(Crawled caption data)
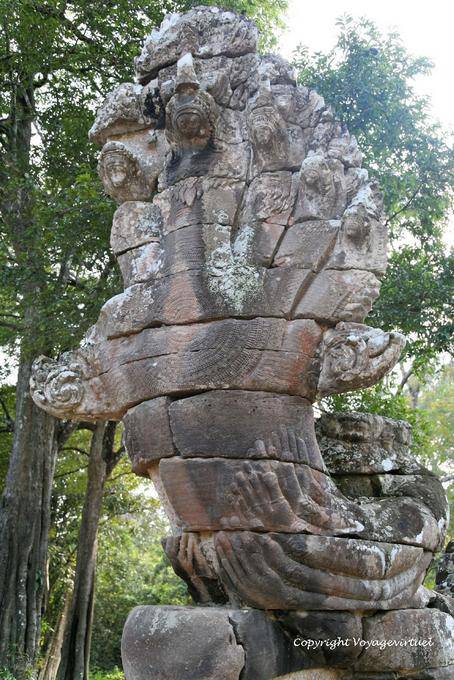 Naga serpent's head, Victory Gate, Angkor, Cambodia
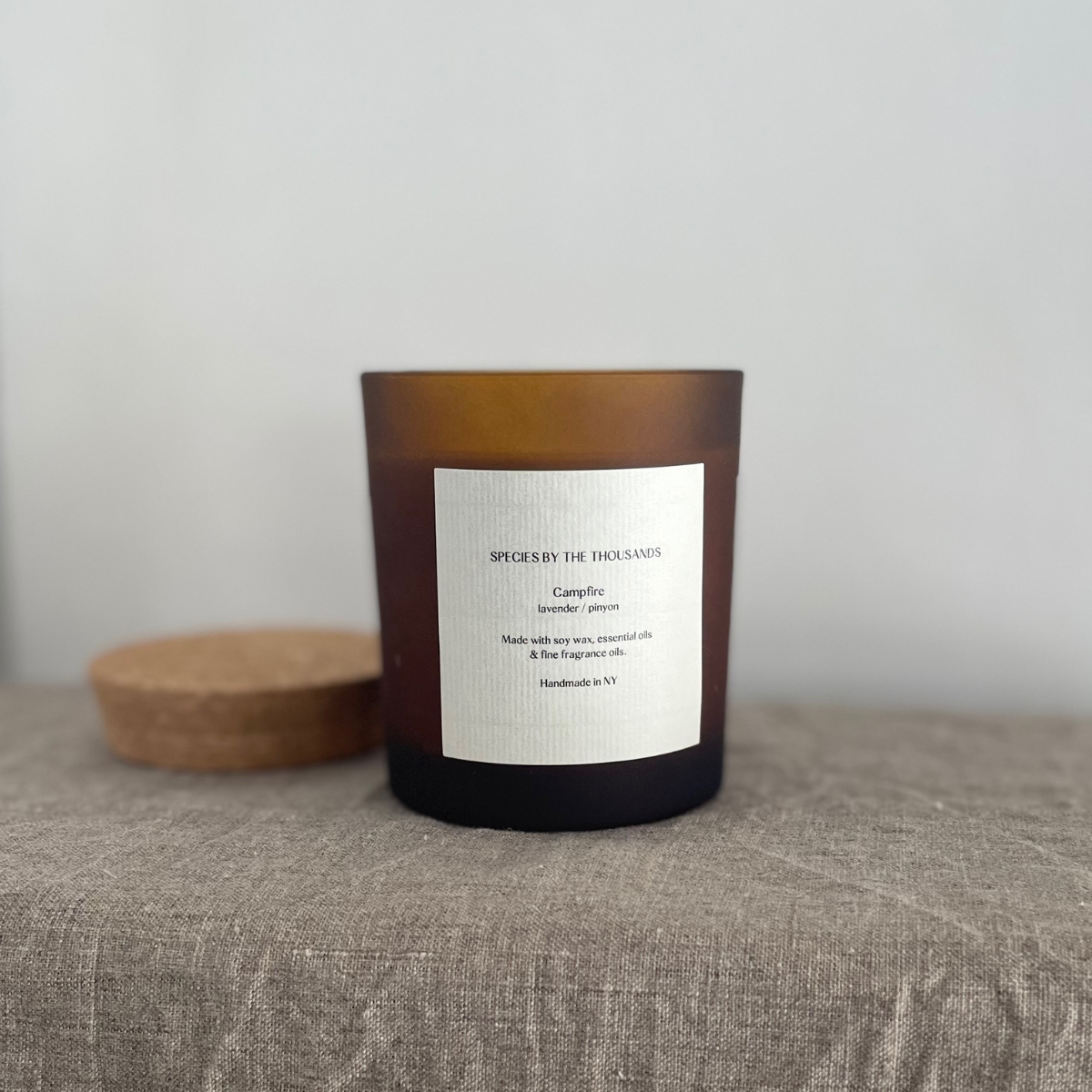 Campfire, Pinyon + Lavender Handcrafted Scented Soy Candle: Frosted amber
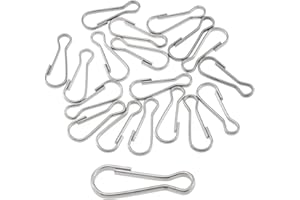 CHENJIN 100PCS 1Inch / 25mm 304 Stainless Steel Metal Spring Hooks Rust-Proof Lanyard Snap Clip Hooks for Key Chain, ID Card, DIY Spring Clip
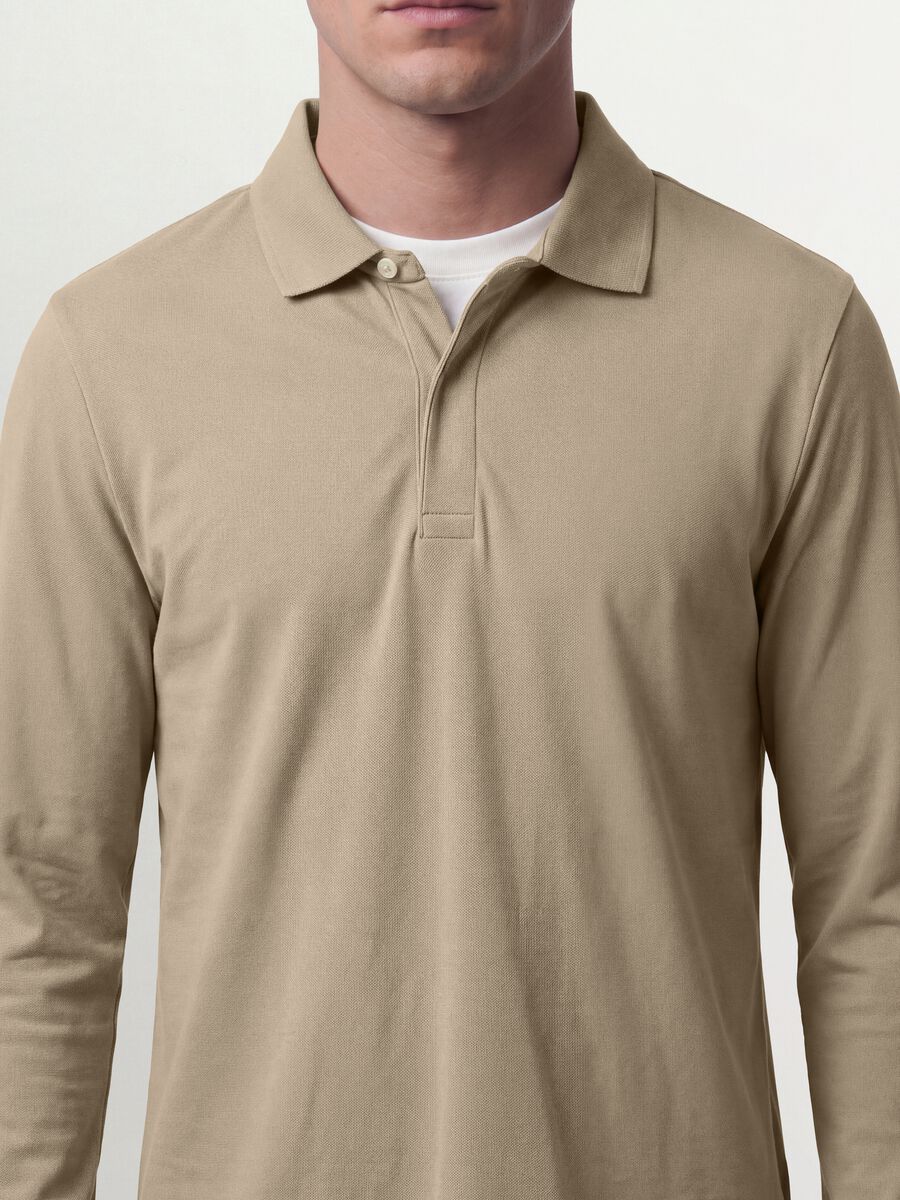 Grey long-sleeve stretch-cotton polo shirt, regular fit_1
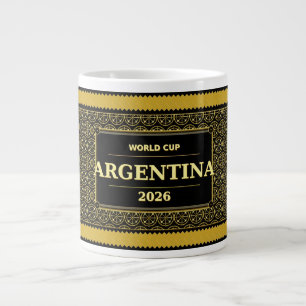 Argentijnse Voetbalfan 2026 Zwart Goud Luxe Extra Grote Beker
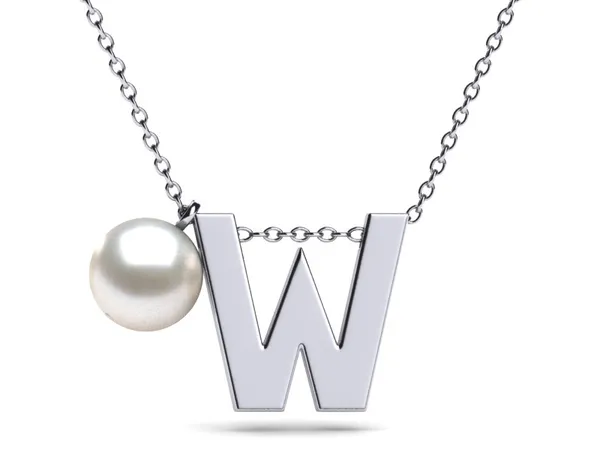 Initial Pearl Necklace Letter W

• Work to be completed: Reprint all the data above verbatim, excluding pictures.

• Exercise result:
 Naga serpent's head, Victory Gate, Angkor, Cambodia
 Campfire, Pinyon + Lavender Handcrafted Scented Soy Candle: Frosted amber
 CHENJIN 100PCS 1Inch / 25mm 304 Stainless Steel Metal Spring Hooks Rust-Proof Lanyard Snap Clip Hooks for Key Chain, ID Card, DIY Spring Clip
 Grey long-sleeve stretch-cotton polo shirt, regular fit_1
 Argentijnse Voetbalfan 2026 Zwart Goud Luxe Extra Grote Beker
 Initial Pearl Necklace Letter W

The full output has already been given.